Fourth Quarter, 2011


2011 has proved to be a year of contrasts - and the year has nearly 6 weeks remaining at the time of this writing. Netting out the contrasting elements, here are some of my personal observations:

• It has been a year of strong sales in luxury single-family homes between $3 million and $6 million, especially those that have been fully renovated to today's transitional tastes. Multiple offers have abounded and well-priced properties have gone over asking price by 5% and more. 37 single family homes in this price range sold on the north side prior to Thanksgiving.

• $6 million to $10 million properties have not sold as rapidly, yet there were 10 closings in this range on the north side.

• In the ultra-luxury market, a $33.9 million Pacific Heights listing was sold for $29.5 million, the buyer was represented by a Sotheby's agent in our office.

• While view properties are in high demand as always, those view properties in less than A+ condition have not flown off the market. Nor have the ultra-moderns and certainly not those that were perceived to be overpriced.

• At the same time, condos and some co-ops are languishing with prices lower than 2009 levels (in some cases as low as 2004). Buyers are insisting on their complex wish lists. Here, it takes commitment and patience on the part of sellers.

• "Fixers" that need a lot of work and are "priced to move" are in great demand and sell quickly with multiple offers driving the prices significantly over asking. Most of these houses, however, are not priced attractively enough for the speculative developers who are forced to find more creative solutions for their projects (such as two-unit buildings they can convert to single family houses with an au pair). This is good news for buyers who want to renovate and hold.
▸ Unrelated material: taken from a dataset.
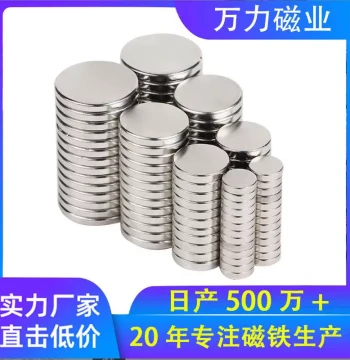 In Stock Neodymium Iron Boron Strong Magnet Round Luggage Refrigerator Magnet Gift Toy Magnetic Force N35-N52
• 2011 continues to show inventory shortages in most slices of the market in San Francisco's most desirable neighborhoods. Counterintuitive, but true.

• The use of pocket listings persists, allowing listing agents to "float" out a property before accumulating time on market on the Multiple Listing Service (MLS). Too long a pocket listing period, however, telegraphs an uncommitted seller. Exception: there typically will be December pocket listings of choice properties waiting for the New Year to "go live" on the MLS. Top Agents will have access to these opportunities in advance.
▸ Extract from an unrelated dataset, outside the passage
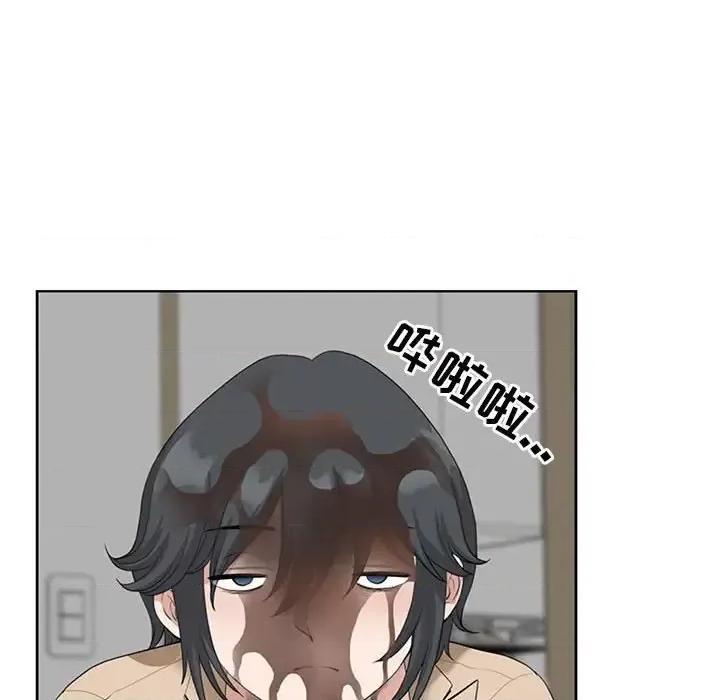 我老公是双胞胎 我老公是双胞胎-第 13 话 第54页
• Thursday afternoon is the new unofficial brokers' Preview time, thus allowing agents multiple opportunities to shop for their buyers while showing their own current listings. Often only the Top Agents learn of these Previews, and some of those properties are in contract before the rest of the market learns of them.
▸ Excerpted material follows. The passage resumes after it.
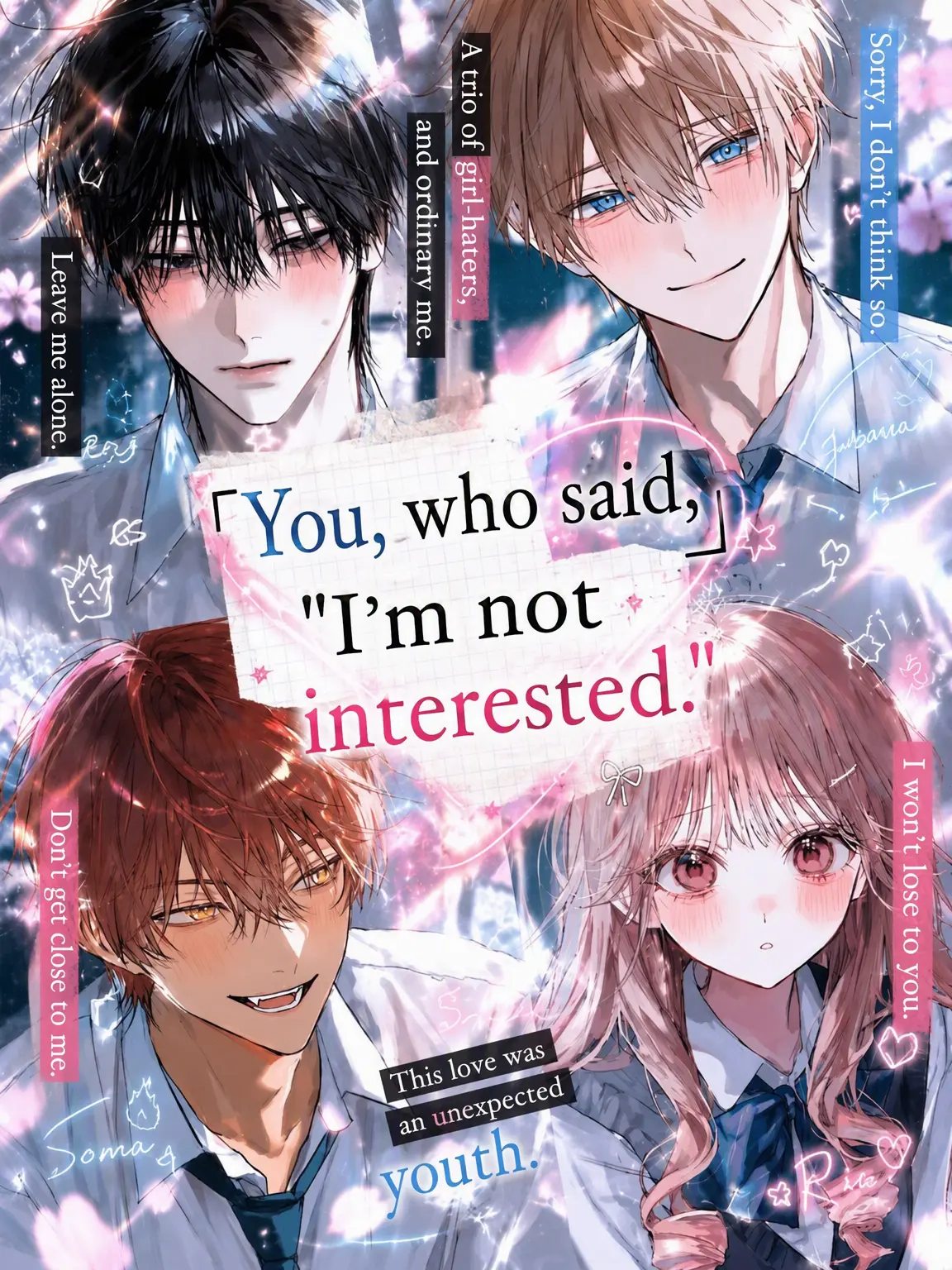 mame_taro의 The Boys Who Said "Not Interested."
• Multiple offers are back in all segments of the market when a property is priced slightly below the perceived market value. The big risk is in overpricing.

What do I mean by "transitional" tastes? Just a couple of years ago, the most desired architecture was ultra-modern, but now luxury property buyers in the various generations are favoring more "transitional" residences - clean lines, unique subdued finishes, large scale but simple moldings inside smooth integral-color hand-troweled stucco exteriors or a monochromatic Victorian. These are interiors that will showcase furnishings and art ranging from ultra-modern to an eclectic mix. Today's most desired floor plans incorporate indoor-outdoor living from the main entertaining rooms of the house.

What are "San Francisco's best neighborhoods"? That depends upon your perspective - it is both about visual beauty and retention of value during market swings. My emphasis has always been on the north side of town - Pacific Heights, Cow Hollow, Marina, Russian Hill and Telegraph Hill. The Marina, my home neighborhood, enjoyed four MLS-listed and two private sales in the $3 million to $6 million range so far this year, with two more good properties listed, but not yet sold. Noe & Eureka Valleys are other neighborhoods that benefited strongly this year from pre-IPO and IPO activity in the tech sector, especially among those who commute to the Peninsula.

Where are the buyers coming from? Everywhere! There are many cash buyers and they hail from right here, our outlying counties and elsewhere in the United States, yet also from Asia, Canada, Europe and South America. Baby Boomers and those slightly younger are returning to the City now that their children are adults. Those Boomer purchases are often a downsized primary residence, but not always. Couples are indulging themselves in that view property they never had or the services of a doorman. Walk-ability to great neighborhood shops and restaurants is high on their lists. And, smart money managers are advising their clients that the San Francisco luxury real estate market may just well prove to be the wisest place to invest.

Does all this sound complicated and contradictory? Once again, this is a time when market savvy and experience make all the difference in the world. Experience and knowledge can pay dividends to sellers and lack thereof can put buyers out in the cold. Having the personal advice and dedication of a well-informed Realtor® will make all the difference.